I also have to drop the resistance from 8 to 5 because my knees are not happy with that much pressure. I would've raised the peak elevation to 11 or 12 but the program does have limits in place. I get as fast as 260 SPM (strides per minute) for a few seconds during the next to last cycle. My heart rate ping pongs from highs of 189 to lows of 97 without any change to how hard I'm pedaling. I can't explain it. I'm drenched when I'm done but I have to skip the Stretch Cage. Snow Bird is doing his weird calisthenics in it and he'll be there a while.

At my doctor's appointment, I'm told that the biopsy required to determine the cause of that weird streak on my toenail will actually be quite painful. Ugh. Unless I'm the type who can run around on rocky beaches barefoot? Nope. I'm the princess who has to turn her socks inside out because the seams chafe. The princess who cannot walk around barefoot because that's just too painful.

The surgeon can do it with just local anesthetic but the injections themselves will be painful and he will have to peel back the actual toenail. The wound dressing will make it extremely difficult to wear normal shoes. Open-toed sandals or something like that would be best. The toe may throb for several hours, or even a few days. OMG! That'd rule out going to the gym, and even driving!

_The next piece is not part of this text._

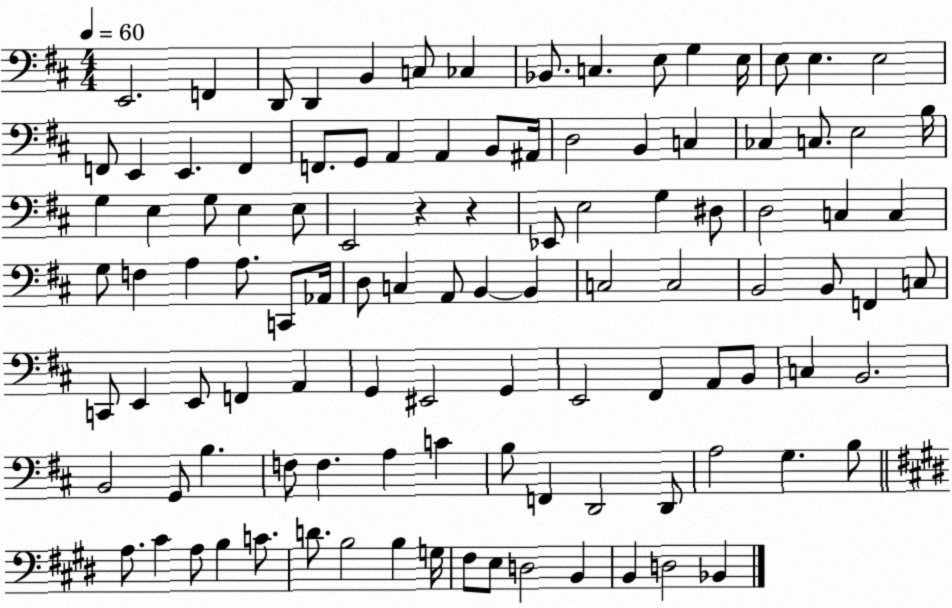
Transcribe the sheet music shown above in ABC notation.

The doc recommends using the ambulatory surgical unit at an affiliated hospital several miles away. (I was really hoping to avoid another ridiculous deductible as well, but I'm sure the health insurance company will insist I cough up those bucks.) I can have it done next week, or scheduled in December. I choose December because, done with anesthesia the way my cataract/glaucoma surgery was handled (relaxed, anesthetized but awake), I will need to have bloodwork and an EKG done by my primary care physician not more than two weeks prior. It's impossible to get an appointment with her that quickly. Plus, in December there's the remote possibility that I can get my husband to drive me. He's really squeamish so it's best not to give him too many details.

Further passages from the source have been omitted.